▶ EXERCISE INSTRUCTIONS:
Below are some records. Return exactly their lines from the one containing "Here's how the" through the one containing "Navigate to RCS", and drop the pictures.

▶ INPUT MATERIAL:
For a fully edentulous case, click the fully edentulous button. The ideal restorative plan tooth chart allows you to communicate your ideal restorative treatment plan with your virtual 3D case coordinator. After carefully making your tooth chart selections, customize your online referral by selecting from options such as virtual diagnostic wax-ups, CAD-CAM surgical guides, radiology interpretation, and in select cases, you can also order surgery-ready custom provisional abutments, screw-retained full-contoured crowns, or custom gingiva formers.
--
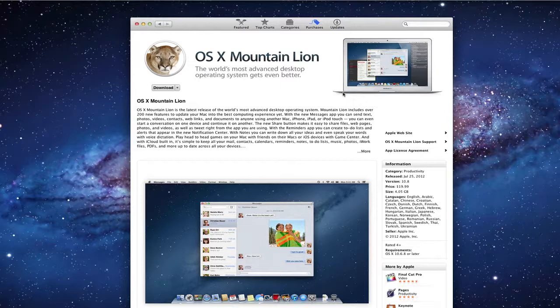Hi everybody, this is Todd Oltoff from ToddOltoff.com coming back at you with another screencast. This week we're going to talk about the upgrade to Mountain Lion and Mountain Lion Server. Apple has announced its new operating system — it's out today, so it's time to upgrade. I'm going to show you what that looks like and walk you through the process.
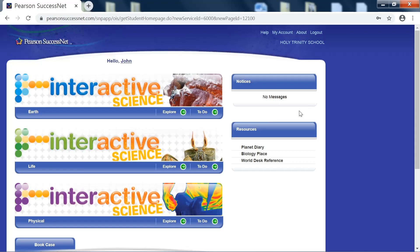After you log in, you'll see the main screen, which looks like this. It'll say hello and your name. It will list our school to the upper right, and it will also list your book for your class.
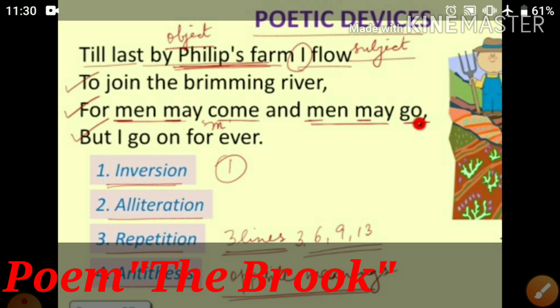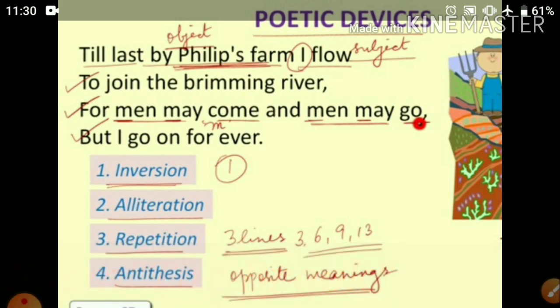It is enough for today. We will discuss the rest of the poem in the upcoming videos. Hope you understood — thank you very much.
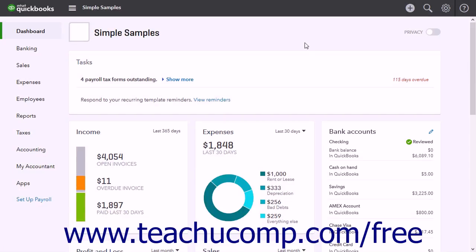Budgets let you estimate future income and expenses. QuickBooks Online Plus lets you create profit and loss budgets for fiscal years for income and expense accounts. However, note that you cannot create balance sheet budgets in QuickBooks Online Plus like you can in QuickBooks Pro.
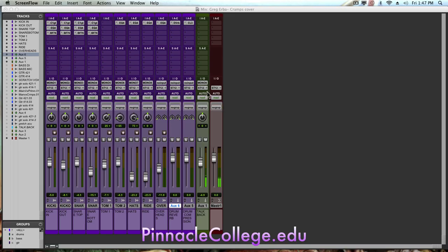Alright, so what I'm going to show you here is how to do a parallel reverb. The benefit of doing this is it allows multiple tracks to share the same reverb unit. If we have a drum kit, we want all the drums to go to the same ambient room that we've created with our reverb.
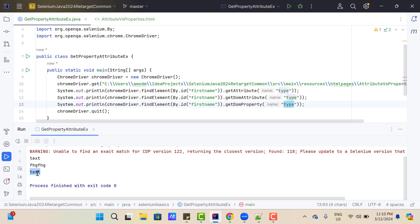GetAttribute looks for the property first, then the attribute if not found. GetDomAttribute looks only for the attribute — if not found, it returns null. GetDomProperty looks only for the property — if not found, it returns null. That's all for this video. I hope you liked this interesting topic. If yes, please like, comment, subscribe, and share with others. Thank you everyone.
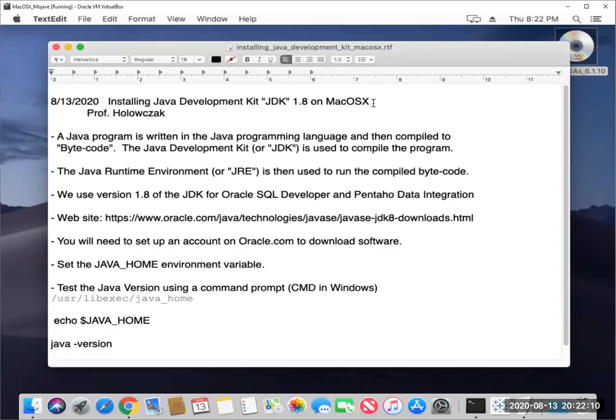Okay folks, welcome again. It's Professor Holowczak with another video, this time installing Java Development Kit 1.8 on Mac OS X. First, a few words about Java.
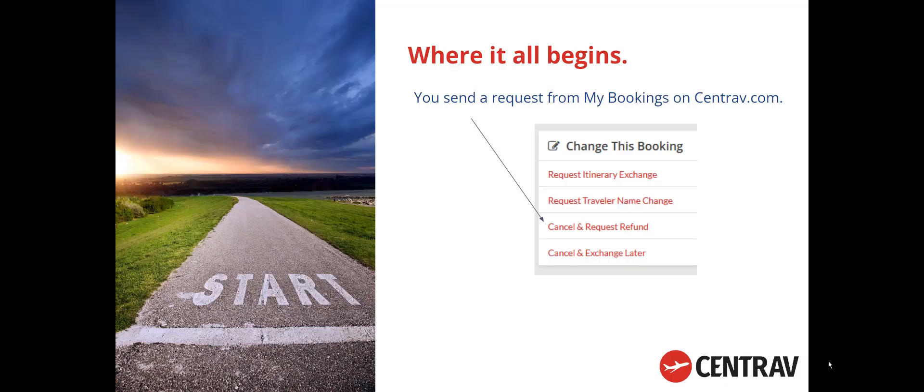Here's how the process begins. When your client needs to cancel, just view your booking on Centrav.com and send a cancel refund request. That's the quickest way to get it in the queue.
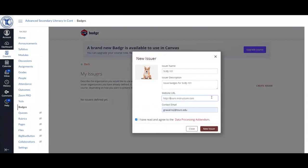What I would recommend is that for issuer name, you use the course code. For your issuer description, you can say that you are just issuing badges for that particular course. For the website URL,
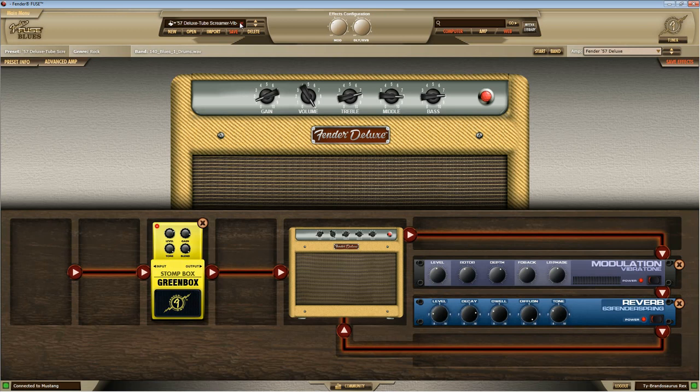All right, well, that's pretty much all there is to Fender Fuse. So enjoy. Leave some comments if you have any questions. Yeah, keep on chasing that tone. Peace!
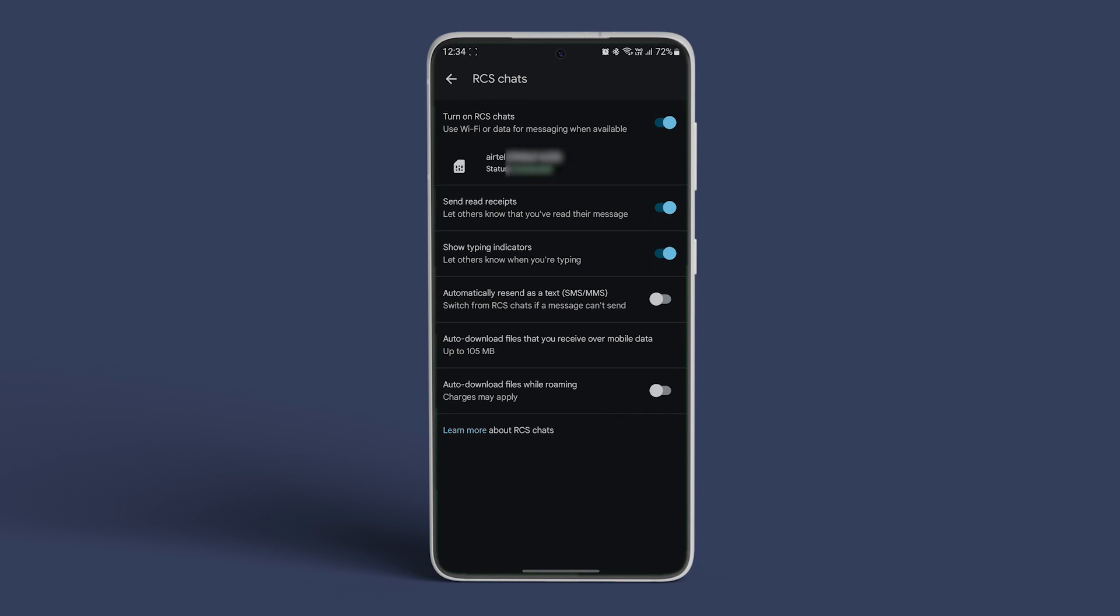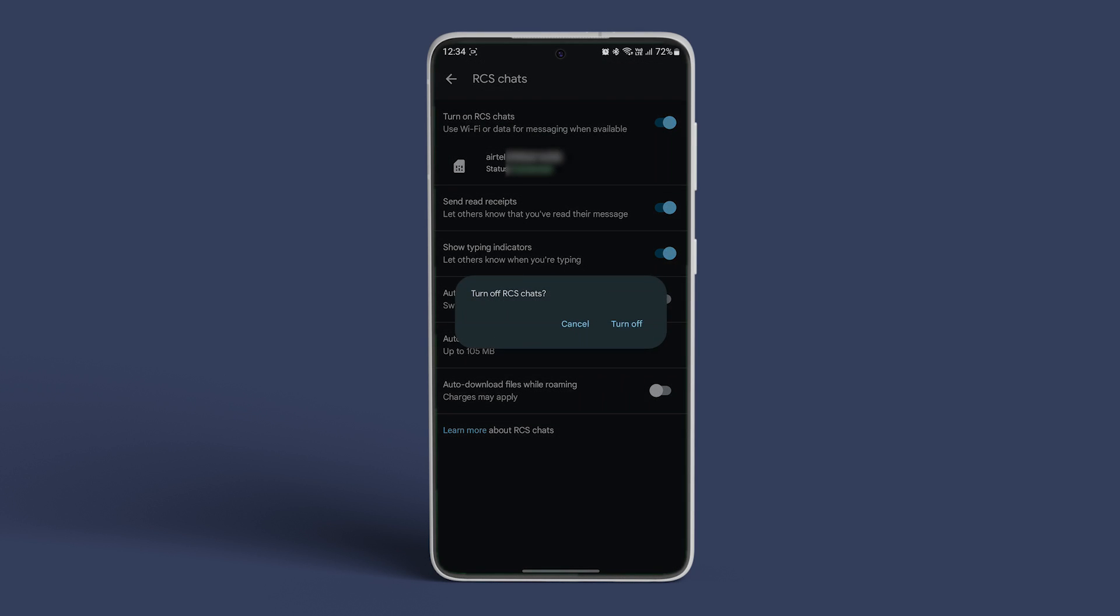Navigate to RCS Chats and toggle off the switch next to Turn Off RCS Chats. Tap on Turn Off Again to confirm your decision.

▶ ANSWER TO THIS TASK:
Here's how the process begins. When your client needs to cancel, just view your booking on Centrav.com and send a cancel refund request. That's the quickest way to get it in the queue.
What I would recommend is that for issuer name, you use the course code. For your issuer description, you can say that you are just issuing badges for that particular course. For the website URL,
All right, well, that's pretty much all there is to Fender Fuse. So enjoy. Leave some comments if you have any questions. Yeah, keep on chasing that tone. Peace!
Navigate to RCS Chats and toggle off the switch next to Turn Off RCS Chats. Tap on Turn Off Again to confirm your decision.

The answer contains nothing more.